Due to the deteriorating global environment and the decreasing availability of renewable energy, energy conservation and emission reduction are crucial topics that cannot be neglected. Monitoring the power consumption of specific household appliances and providing users with more accurate and sophisticated services for home energy consumption evaluation can be challenging due to the widespread use and high operational flexibility of household appliances. Load monitoring has increasingly demonstrated enormous research potential in energy conservation and management, enabling household users to comprehend the energy consumption of household equipment more precisely and clearly and to optimize power management. In general, load monitoring can be categorized into two distinct categories, namely, intrusive load monitoring (ILM) and non-intrusive load monitoring (NILM). ILM refers to a technology that records electricity usage by installing sensors on each electrical appliance, with high accuracy but also high implementation costs and complexity. NILM was first proposed by Hart [1] in 1992 using the concept of non-intrusive load decomposition, which involves recording total electricity consumption by installing sensors at the home electricity meter. A series of algorithms are then used to estimate information such as the operating status and energy consumption level of specific electrical appliances. Not only can NILM reduce household energy consumption by 12% [2], which will benefit both consumers and power grid businesses economically, but it also plays a significant role in global energy conservation and emission reductions. In comparison to ILM, NILM possesses numerous advantages, including a reduced intrusion into consumer residences, a minimal financial investment, and exceptional practicality [3].

Over the past few years, NILM has received widespread attention from researchers. Optimization and pattern recognition are the primary methods for studying load monitoring. The optimization approach aims to identify the optimal combination of electrical appliances in order to minimize the discrepancy between the aggregated power consumption and the sum of the power consumption of each individual electrical appliance. Hart [1] clustered comparable events of electrical characteristics and used combinatorial optimization (CO) to divide each device into several states, each of which has a corresponding power consumption. Dash [4] and Wittmann [5] address the issue of electrical state overlap by employing mixed integer programming techniques. Although the performance of load disaggregation has been significantly improved, it cannot be used in every instance. In [6], it was suggested to use a load identification method based on the dynamic time warping (DTW) algorithm to measure the similarity between the variable-length raw transient power waveform sample and the template time-series. With the rise of big data and machine learning, many pattern recognition techniques, including k-nearest neighbors (KNNs) [7], support vector machine (SVM) [8], hidden Markov model (HMM) and its variants [9], artificial neural network (ANN) [10], and decision tree (DT) [11], have been applied to NILM. Although these techniques have been proven to increase the accuracy of NILM, they are difficult to implement in practice since they require manual feature extraction from a large data set [12]. Furthermore, as the number of electrical appliances increases, the complexity of the models based on optimization or pattern recognition also increases exponentially.

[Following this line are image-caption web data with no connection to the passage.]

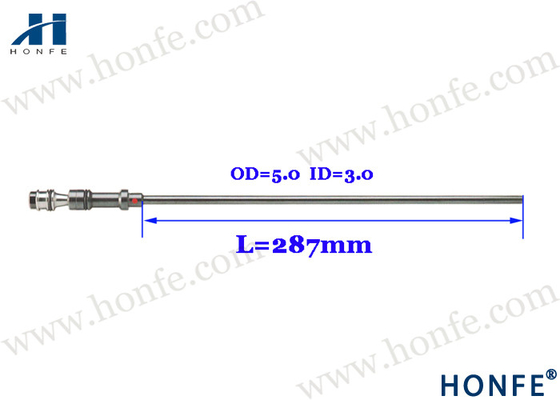 Части L287mm OD5.0 ID3.0 главной тени воздушной струи трубы сопла запасные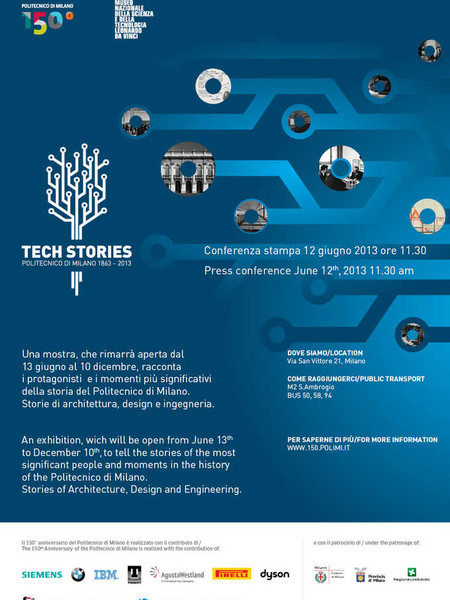 Tech Stories - 150° Politecnico di Milano, Museo Nazionale della Scienza e della Tecnologia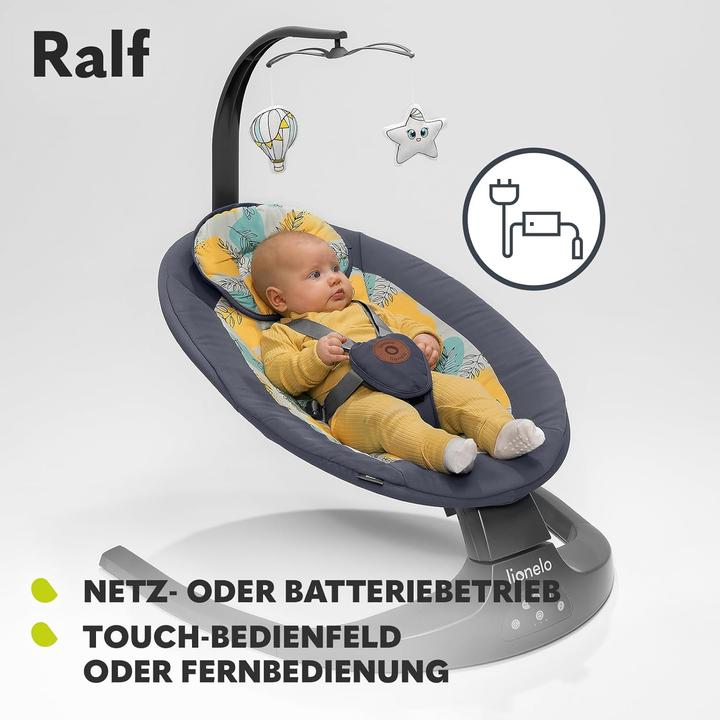 Immagine prodotto Lionelo 2-in-1 Babywippe Ralf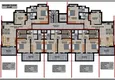 Купить дешево Садовый дуплекс 2+1 в Тосмуре с чистовой отделкой 2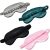 LERSVICVIL Silk Sleep Mask 4 Pack: Luxurious Eye Comfort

In this context, the pursuit of alternative and more robust approaches to the issue of energy load forecasting has assumed the utmost significance. With the continuous advancement of scientific computing resources, the implementation of deep learning methods has become increasingly feasible. Researchers have switched their study focus to deep learning applications in order to replace manual labor and automatically extract characteristics from data. This will improve the accuracy and usability of NILM. Deep neural networks (DNNs), including convolutional neural networks (CNNs), recurrent neural networks (RNNs), denoising auto-encoders (DAEs) and transformers, are used. In 2015, Kelly [13] proposed combining CNN, RNN, and DAE with sequence-to-sequence (seq2seq) learning, and compared the resulting models with traditional ones, demonstrating that deep learning has a greater impact than the aforementioned conventional ones. In addition, motivated by self-attention, transformer-based models have also been developed to enhance NILM performance over long input sequences [14]. However, NILM remains a challenging task, and several obstacles must be overcome. Firstly, most advanced technologies have proven unsuccessful in adapting the same model to different users [15]. Thus, constructing a reliable algorithm model that possesses robust generalization capabilities is a formidable task. Secondly, as the amount of meter data increases, the accuracy and computational efficiency of the network model decrease gradually [16,17]. Finally, a single network model alone cannot learn and represent all the intrinsic characteristics of a target appliance from power data, and there is still a need to flexibly use multi-model collocation to complement each model’s deficiencies.

Based on the conventional transformer model, this paper proposes a network structure named GTCN, which combines the transformer with a gating mechanism (gate-transformer) and a CNN, aiming to improve the load decomposition accuracy without increasing the number of model parameters compared with BERT4NILM [14]. The transformer differs from the other network models mentioned above in that it comprehends the significance of each component in the input sequence and assigns importance weights accordingly, utilizing attention mechanisms to learn global dependencies in the sequence, as opposed to sequentially processing the entire load power data sequence. However, its applicability is constrained by the computational complexity. In order to fully utilize the capabilities of the transformer architecture, the proposed model has improved the attention function of the multi-head self-attention mechanism, and incorporated the gating mechanism to ensure that the accuracy of home appliance power estimation is not compromised despite the reduction in the number of model training parameters. Furthermore, while the transformer has shown excellent performance in sequence prediction, it has limitations in capturing local features [18] that may result in a decrease in the decomposition performance of multi-state electrical appliances during energy decomposition. To overcome this limitation, the strategy is combined with a CNN, and experimental analyses are conducted on three different positions of the overall structure to explore the best placement of the CNN within it. The experimental results demonstrate that, compared to the traditional transformer, the gate-transformer has fewer model parameters and the same excellent decomposition performance on the UK-DALE dataset. The GTCN structure possesses the identical number of training parameters as the conventional transformer, owing to the inclusion of the CNN. However, it exhibits superior performance and better generalization ability in terms of predictions compared to the conventional transformer model. Moreover, the GTCN network was also compared with three state-of-the-art models based on different technologies, seq2seq CNN [19], R-LST [20], and SGN [21], in the experiment, which further verifies the superiority of the GTCN network.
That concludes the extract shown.